I carabinieri hanno arrestato a Mozzo, nella tarda serata dell’11 dicembre, Michele Tironi, ex artigiano di 74 anni sul quale pendeva un ordine di carcerazione emesso nello stesso giorno dalla Corte di Cassazione, che lo ha condannato a 22 anni di carcere per aver ucciso, in concorso con il figlio Flavio, 44 anni, la moglie Gemma Lomboni, simulandone subito dopo il suicidio.
I fatti il 28 giugno 1994: il corpo della donna, casalinga di 55 anni, venne trovato nel garage di casa (in via Bellini 8) a Mozzo, appeso a un cappio agganciato a una trave. L’autopsia accertò che in realtà la vittima, depressa e con problemi fisici, era stata prima strangolata e poi impiccata.
Il marito e il figlio della donna, sospettati di averne simulato il suicidio, erano stati assolti in primo grado per insufficienza di prove e condannati in appello. A quattordici anni e mezzo dal delitto, dopo un iter processuale assai tortuoso, tra assoluzioni, condanne, annullamenti e riesami, i giudici della Cassazione hanno confermato la sentenza di secondo grado del 15 aprile 2008, rendendo così esecutiva la condanna. Le sentenze erano state sette tra il 2000 e il 15 aprile 2008.

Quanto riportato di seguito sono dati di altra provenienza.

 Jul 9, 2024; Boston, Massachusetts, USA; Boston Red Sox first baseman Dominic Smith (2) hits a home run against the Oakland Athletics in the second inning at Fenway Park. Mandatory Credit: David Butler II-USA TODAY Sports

Michele e Flavio Tironi risultano ancora residenti, almeno ufficialmente, nella villetta di via Bellini 8. Ma hanno smesso di vivere in quella casa da pochi mesi. Michele Tironi, ieri sera, è stato arrestato in un altro appartamento di Curno, dove però non è stato trovato il figlio Flavio, che non risulta sposato e non ha mai cambiato la residenza o comunicato un altro domicilio. Il 44enne è ricercato. I carabinieri confidano nel fatto che possa costituirsi prima che la Corte emetta il decreto che lo definisce latitante.